Task objective
Starting with the line that contains "candy gum in" and stopping after the line that contains "Zara Blue and", copy the entries below exactly. Include nothing else.

Provided records
——————

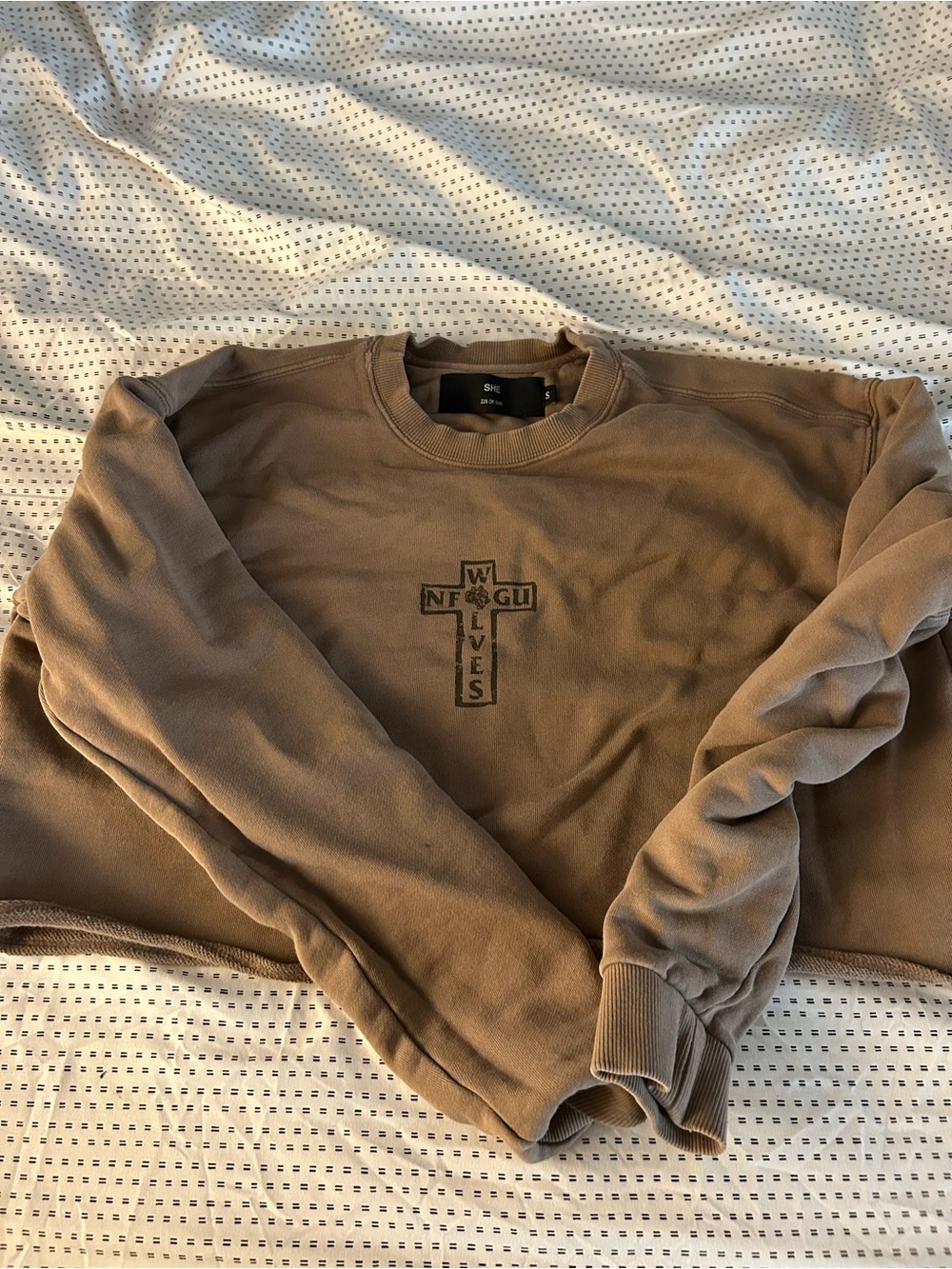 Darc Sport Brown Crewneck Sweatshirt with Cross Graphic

——————

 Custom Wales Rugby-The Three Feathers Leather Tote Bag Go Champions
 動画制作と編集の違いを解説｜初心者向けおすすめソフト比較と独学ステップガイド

——————

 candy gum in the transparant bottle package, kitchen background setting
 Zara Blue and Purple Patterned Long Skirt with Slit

——————

Answer to the exercise
 candy gum in the transparant bottle package, kitchen background setting
 Zara Blue and Purple Patterned Long Skirt with Slit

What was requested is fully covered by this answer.